Records for this task:
········

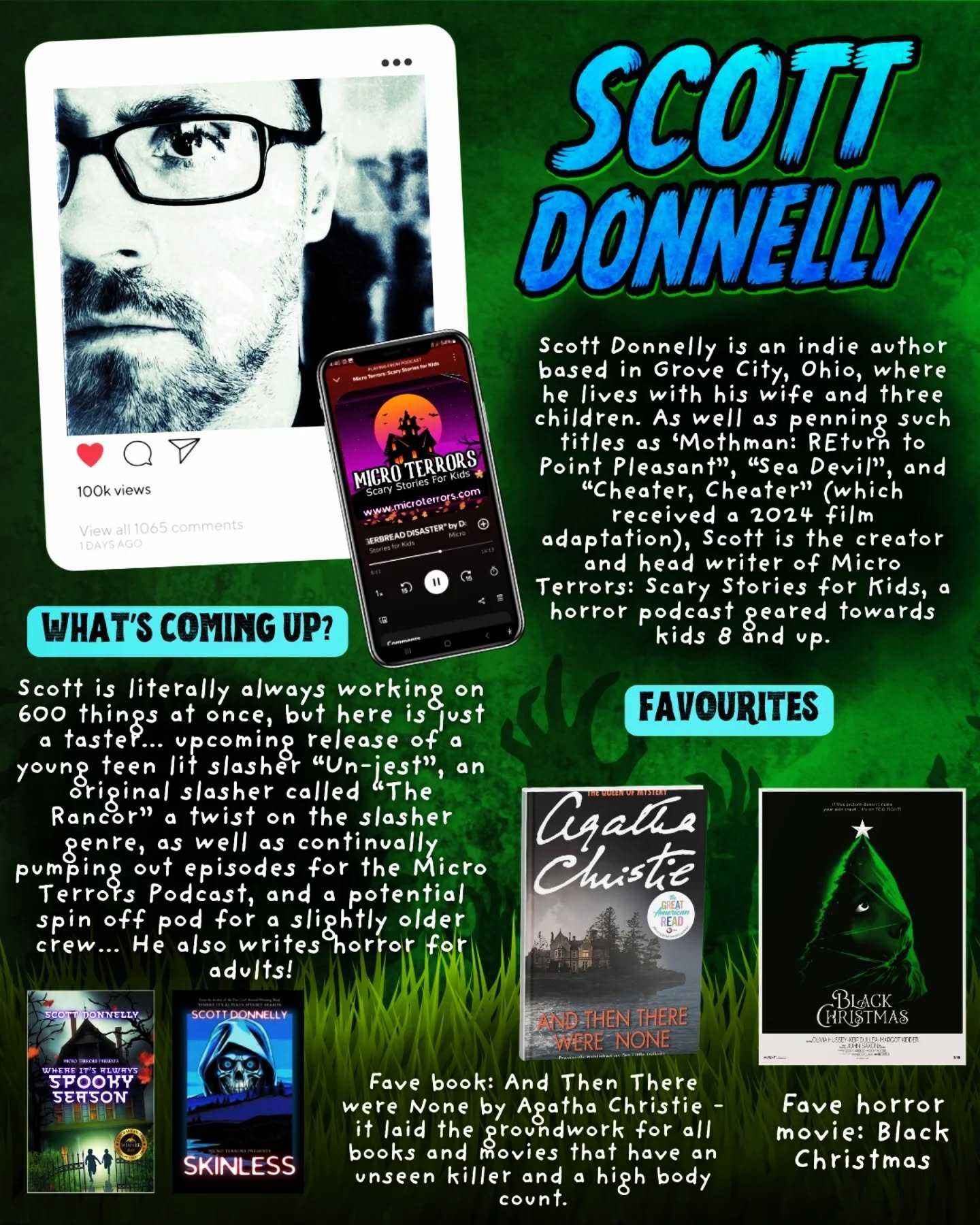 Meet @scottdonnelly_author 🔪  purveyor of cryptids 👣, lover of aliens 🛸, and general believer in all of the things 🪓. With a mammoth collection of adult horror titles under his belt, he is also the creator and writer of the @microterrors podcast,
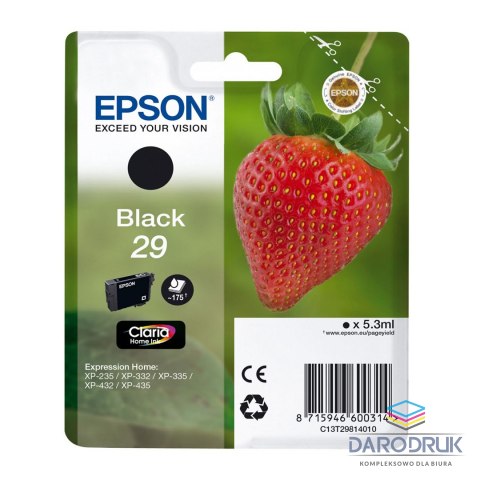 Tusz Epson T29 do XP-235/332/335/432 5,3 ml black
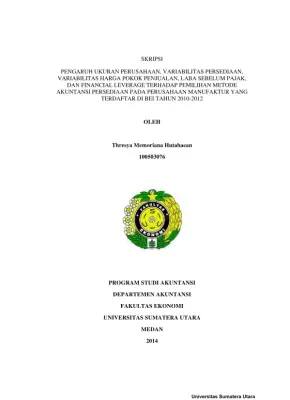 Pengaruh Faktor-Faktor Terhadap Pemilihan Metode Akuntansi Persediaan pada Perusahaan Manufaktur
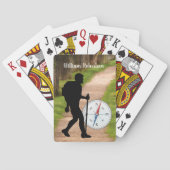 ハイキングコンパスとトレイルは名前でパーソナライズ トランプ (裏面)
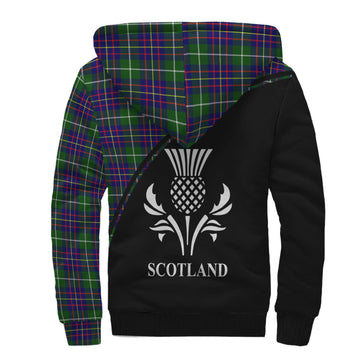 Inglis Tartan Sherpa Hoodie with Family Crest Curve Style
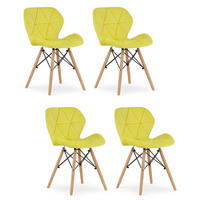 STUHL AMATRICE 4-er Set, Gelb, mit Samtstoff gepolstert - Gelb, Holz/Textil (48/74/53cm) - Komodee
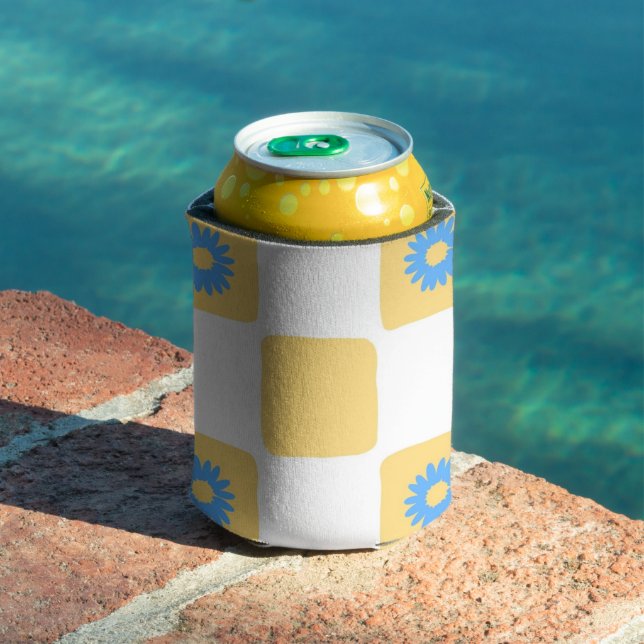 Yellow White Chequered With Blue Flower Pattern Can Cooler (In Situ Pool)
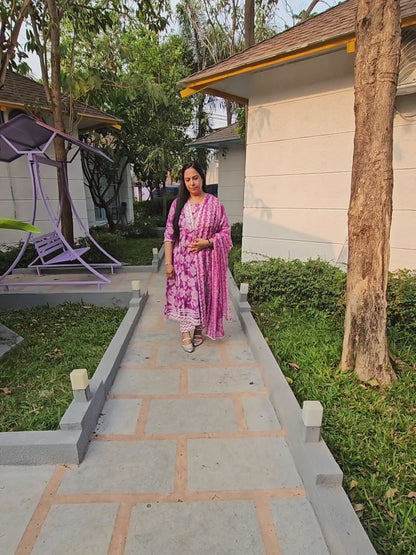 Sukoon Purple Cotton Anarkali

········

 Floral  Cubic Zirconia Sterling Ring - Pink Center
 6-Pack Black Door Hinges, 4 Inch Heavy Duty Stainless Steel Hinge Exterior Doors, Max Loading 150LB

········

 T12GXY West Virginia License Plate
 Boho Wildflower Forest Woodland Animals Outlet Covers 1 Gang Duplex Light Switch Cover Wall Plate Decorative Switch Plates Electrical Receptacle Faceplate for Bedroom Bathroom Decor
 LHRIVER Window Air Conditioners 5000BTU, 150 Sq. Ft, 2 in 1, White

········

Exercise description:
With the pictures removed from your copy, retype the lines above from the one that contains "Pengaruh Faktor-Faktor Terhadap" through the one that contains "Sukoon Purple Cotton Anarkali", exactly.

Expected answer:
 Pengaruh Faktor-Faktor Terhadap Pemilihan Metode Akuntansi Persediaan pada Perusahaan Manufaktur
 ハイキングコンパスとトレイルは名前でパーソナライズ トランプ (裏面)
 Inglis Tartan Sherpa Hoodie with Family Crest Curve Style
 STUHL AMATRICE 4-er Set, Gelb, mit Samtstoff gepolstert - Gelb, Holz/Textil (48/74/53cm) - Komodee
 Yellow White Chequered With Blue Flower Pattern Can Cooler (In Situ Pool)
 Sukoon Purple Cotton Anarkali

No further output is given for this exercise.